The shift in the source of funds for NBFCs is clearly visible over the past two years, and it has played a key role in the rise of the cost of borrowing. The share of commercial paper (CP) and debentures has reduced, whereas that of banks has risen between FY17 and FY19. While the share of debenture and CPs went down to 41.5% and 7.6%, respectively from 50.2% and 9%, the bank’s share went up to 29.2% from 21.2%. Following demonetisation in November 2016, banks were flush with surplus cash, leading to a spurt in liquidity. Subsequently, deposit rates dropped, and money was diverted towards mutual funds, which started investing in commercial paper. With credit readily available, NBFCs floated short-term papers with low rates. “Post the IL&FS default, the rates on CP increased sharply, impacting the rollover of these instruments. NBFCs realised borrowings should be stable and long-term to withstand liquidity cycles. Hence, most NBFCs are moving to long-term paper,” says Vijayaraj. Also, institutional investors who were heavily investing in commercial paper in a flush credit environment, turned cautious.
“Since the panic in debt market started, institutional investors have shied away from investing in short-term papers, especially CPs issued by NBFCs/HFCs.

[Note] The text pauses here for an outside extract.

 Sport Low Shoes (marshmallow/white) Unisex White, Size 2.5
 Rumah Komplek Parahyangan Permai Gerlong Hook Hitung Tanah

Such issuers have faced difficult times given the unfavourable pricing and demand environment,” notes an Edelweiss Securities report. This risk-averse approach by mutual funds means NBFCs are forced to turn to banks for cash. Sensing the opportunity, banks are charging higher interest rates, hence resulting in higher cost of borrowing (See: Cheap...says who?). “The banking sector is looking at the NBFC space with reluctance. The demand for borrowing from NBFCs is still there, but the supply has dropped,” says Sakhuja. Besides the marginal cost of funds based lending rate (MCLR), banks are levying extra charges today. “Right now, banks are charging slightly higher rates because they have become the primary source of funding for NBFCs,” says Mehta. He adds that even if an NBFC is well rated, it still has to pay 10-20 basis points more as it has no alternate option.
Public sector banks who are battling their own NPA demons are now being seen as a buyer of last resort if one goes by Nirmala Sitharaman’s Budget promise. Public sector banks will buy pooled assets of highly rated NBFCs and the government will provide cushion by offering six months’ partial credit guarantee for first loss of up to 10%. “This should encourage public sector banks to take on securitisation,” says Sakhuja. This means that well-managed NBFCs, which are already getting a positive response from the debt market, will also get a fresh lifeline of liquidity from PSU banks. But, the keyword here ‘highly rated’ will only widen the gap between large and small NBFCs. Analysts believe this ‘crisis of confidence’ is here to stay, and it’s very difficult to predict when it will ebb. “Lenders believe there is a contagion risk of this liquidity issue impacting real estate. For now, the polarisation will continue,” concludes Vijayaraj.